This could soon become a broader problem as well.
“California is a little sneak peek of what is in store for the rest of the world as we dramatically scale up solar,” says Zeke Hausfather, director of climate and energy at the Breakthrough Institute, and author of the report.
That’s because while solar accounts for about 19% of the electricity California generates, other regions are rapidly installing photovoltaic panels as well. In Nevada and Hawaii, for instance, the share of solar generation stood at around 13% in 2019, the study found. The levels in Italy, Greece and Germany were at 8.6%, 7.9% and 7.8%, respectively.
So far, heavy solar subsidies and the rapidly declining cost of solar power has offset the falling value of solar in California. So long as it gets ever cheaper to build and operate solar power plants, value deflation is less of a problem.

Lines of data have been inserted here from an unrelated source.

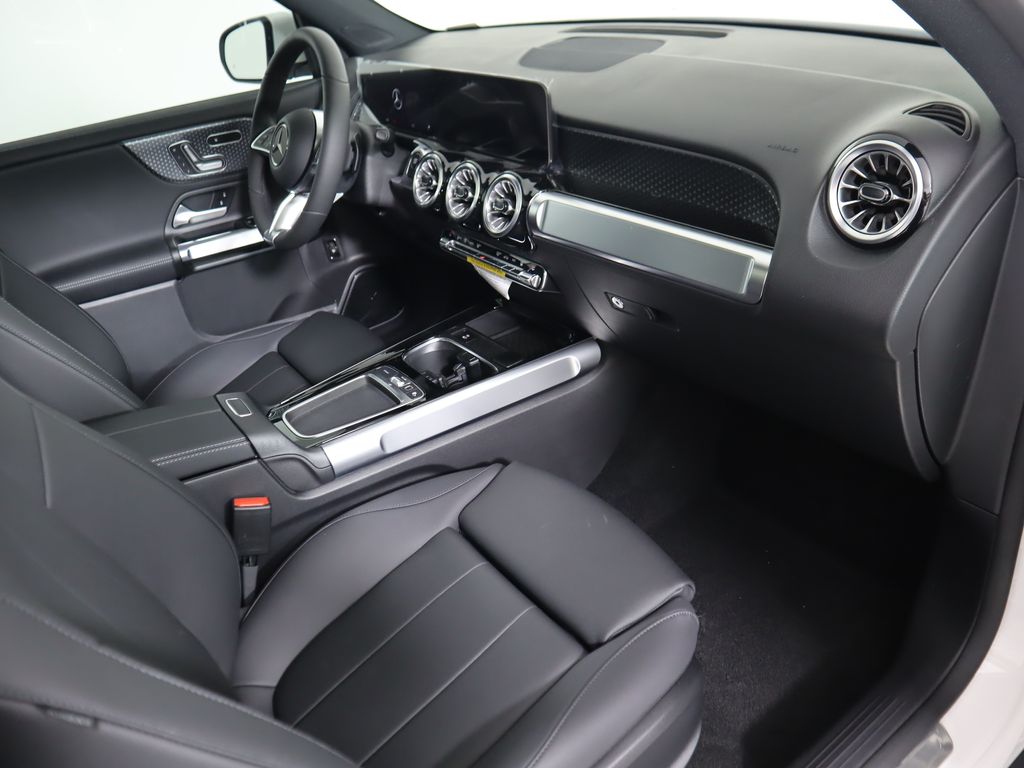 2025 Mercedes Benz EQB 350 4MATIC photo 17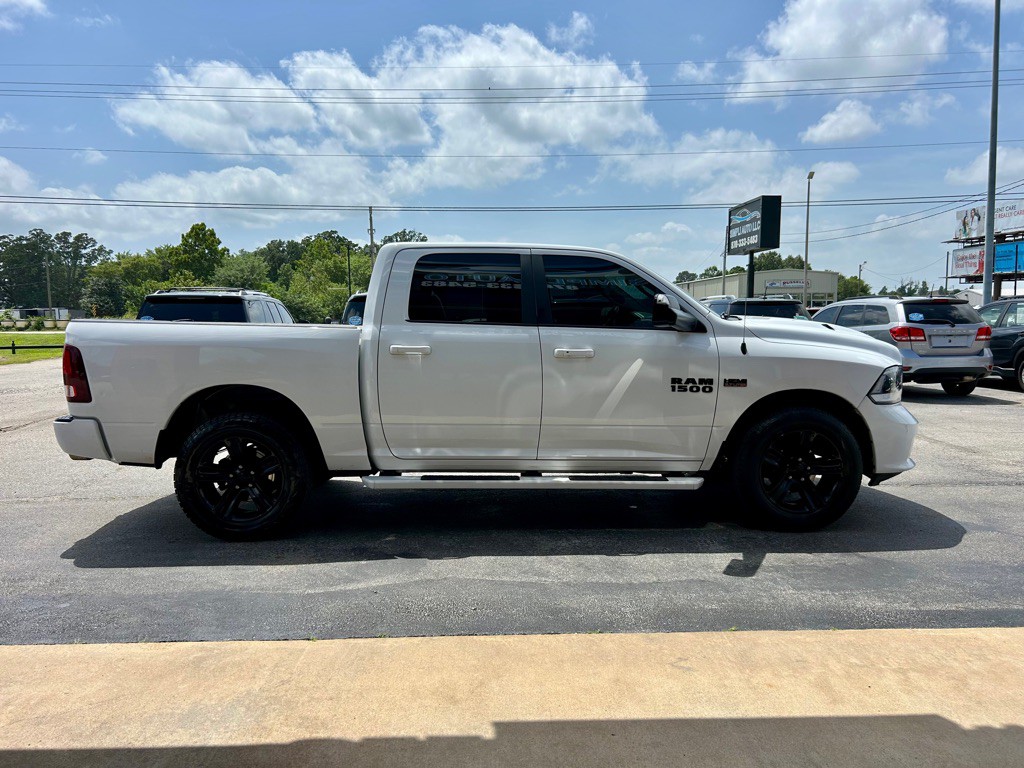 2018 RAM 1500 Image 4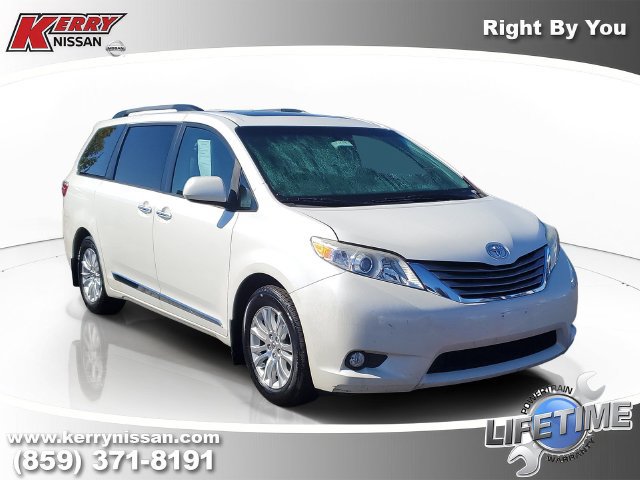 Used 2015 Toyota Sienna XLE w/ XLE Navigation Package FWD 360° Tour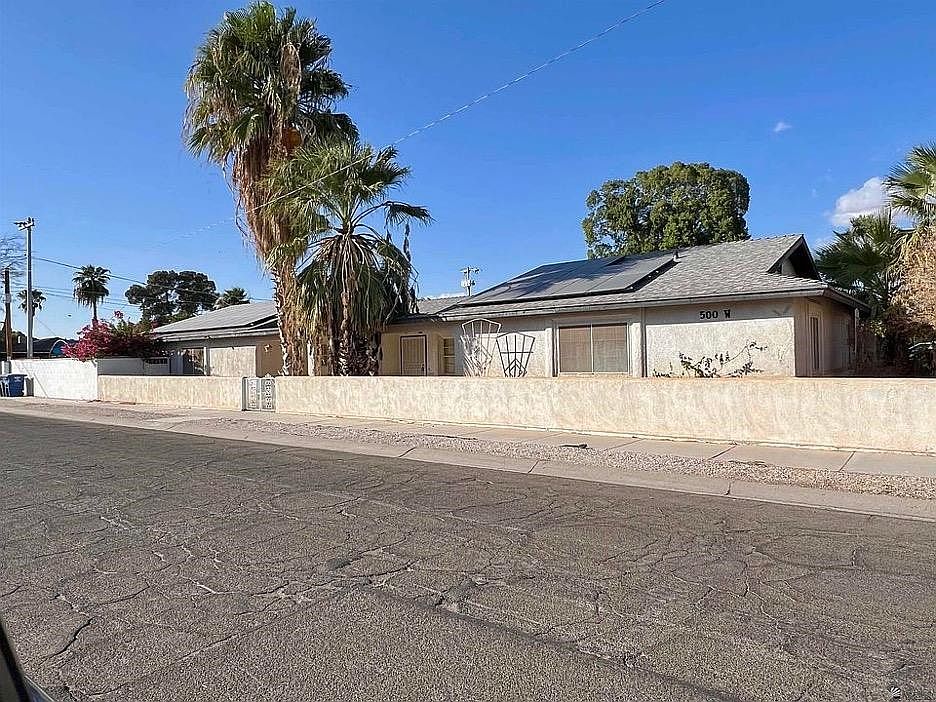 1st image of 500 W 20th St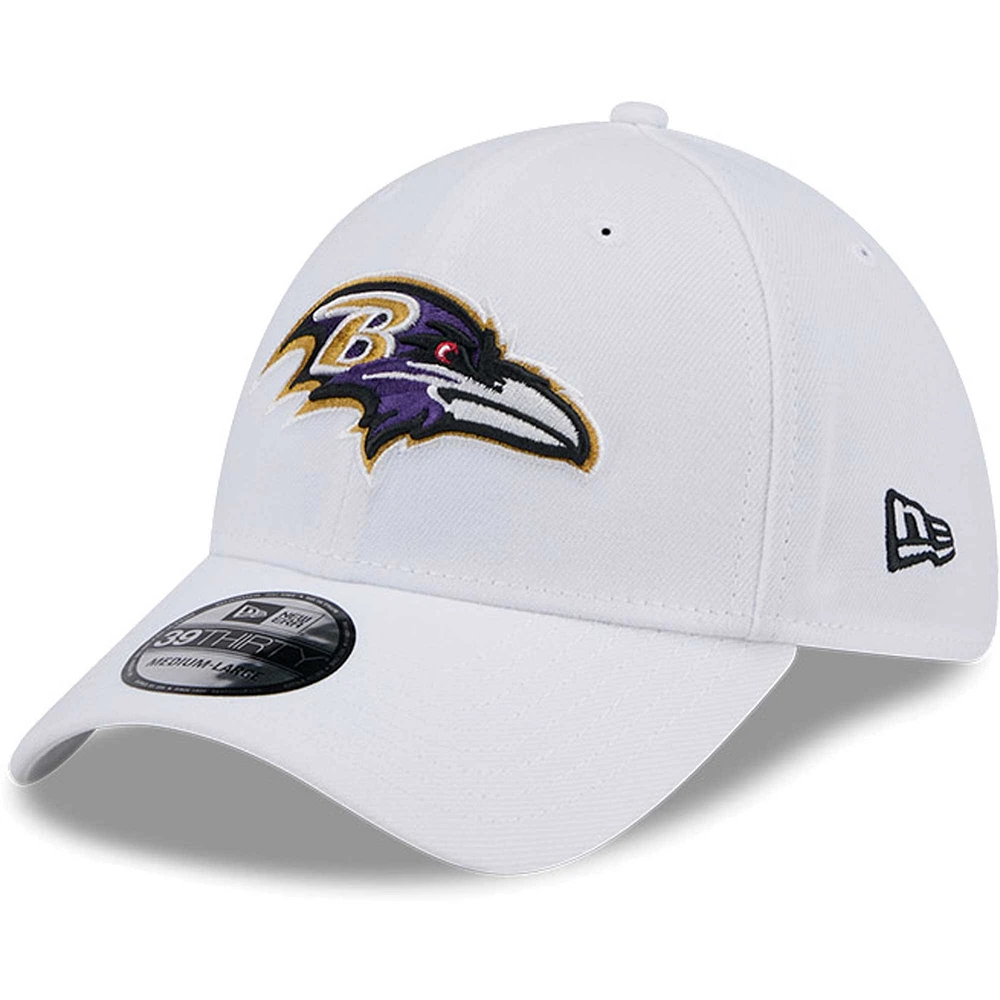 Men's New Era White Baltimore Ravens Main 39THIRTY Flex Hat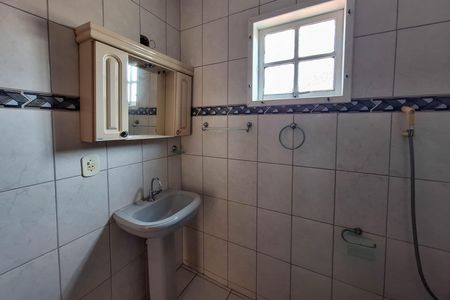 Casa à venda com 360m², 3 quartos e 3 vagas Casa à venda com 360m², 3 quartos e 3 vagasBanheiro Social 2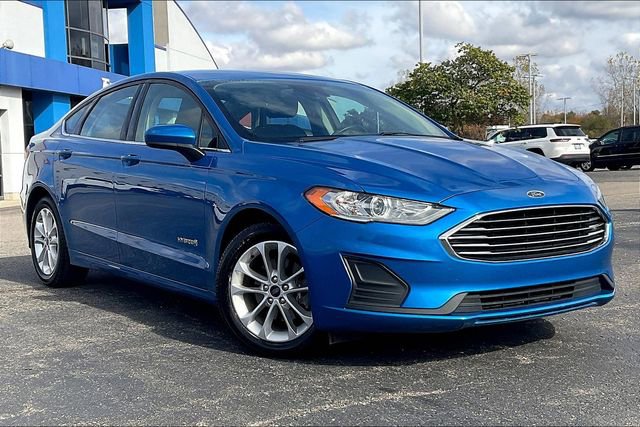 Used 2019 Ford Fusion SE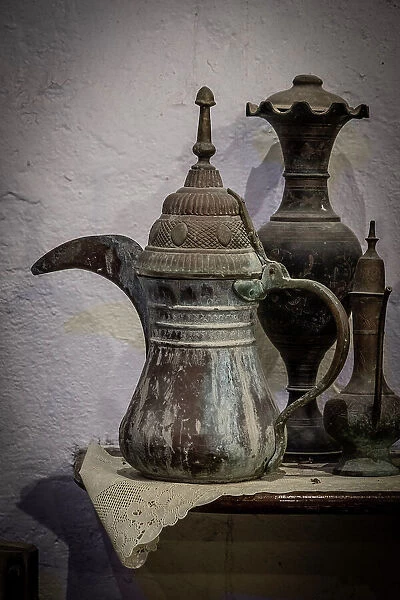 Coffee pot, Al-Balad (historic old town), UNESCO World Heritage Site, Jeddah, Makkah Province, Saudi Arabia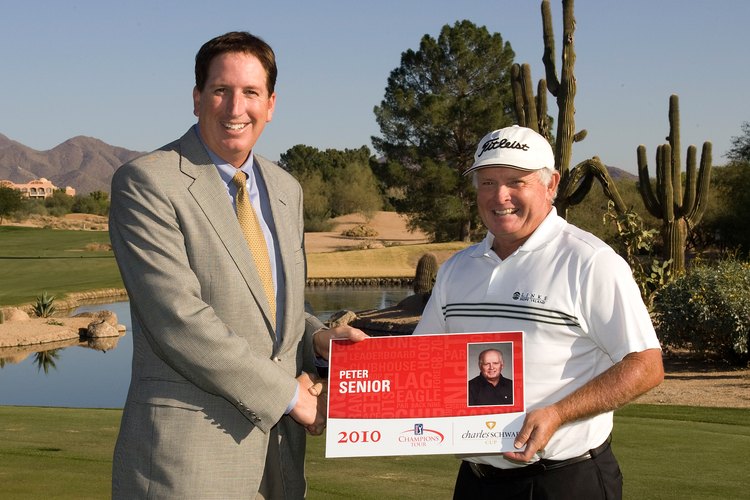 Peter Senior, a la derecha, después de ganar el torneo clasificatorio nacional del Champions Tour 2009.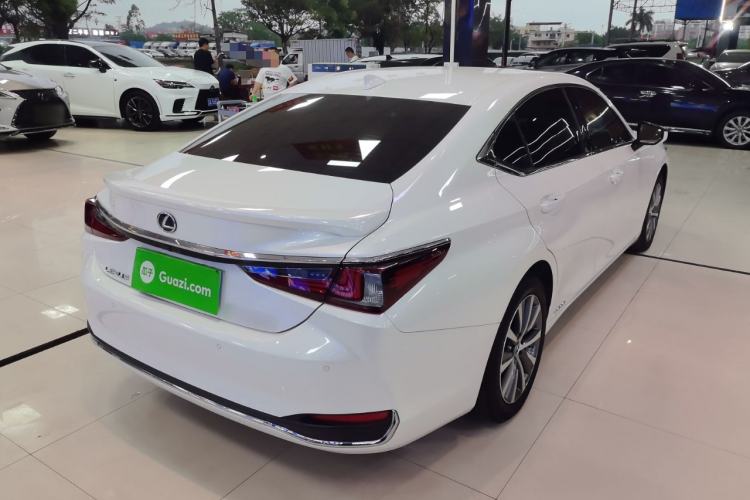 Used Lexus ES 2020 300h Premier Edition Rear Right 45 Deg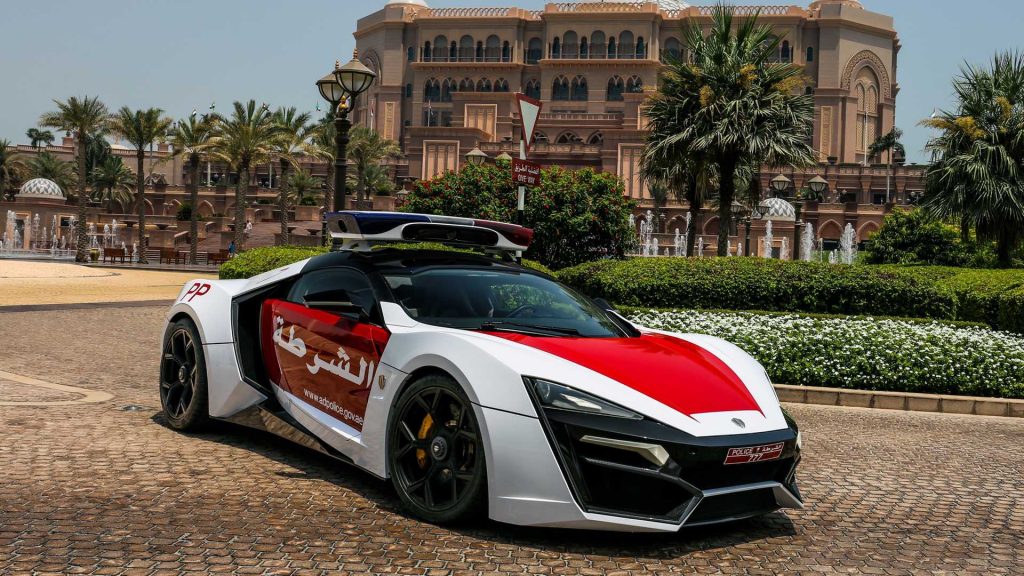 Khám phá siêu xe tuần tra Lykan HyperSport của cảnh sát Abu Dhabi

But it’s likely to get harder and harder to pull off that trick, as the state’s share of solar generation continues to climb. If the cost declines for building and installing solar panels tapers off, California’s solar deflation could pull ahead in the race against falling costs as soon as 2022 and climb upward from there, the report finds. At that point, wholesale pricing would be below the subsidized costs of solar in California, undermining the pure economic rationale for building more plants, Hausfather notes.
The state’s SB 100 law, passed in 2018, requires all of California’s electricity to come from “renewable and zero-carbon resources” by 2045. By that point, some 60% of the state’s electricity could come from solar, based on a California Energy Commission model.
The Breakthrough study estimates that the value of solar–or the wholesale average price relative to other sources–will fall by 85% at that point, decimating the economics of solar farms, at least as California’s grid exists today.
How do we fix it?
There are a variety of ways to ease this effect, though no single one is likely a panacea.
The solar sector can continue trying to find ways to push down solar costs, but some researchers have argued it may require shifting to new materials and technologies to get to the dirt-cheap levels required to outpace value deflation.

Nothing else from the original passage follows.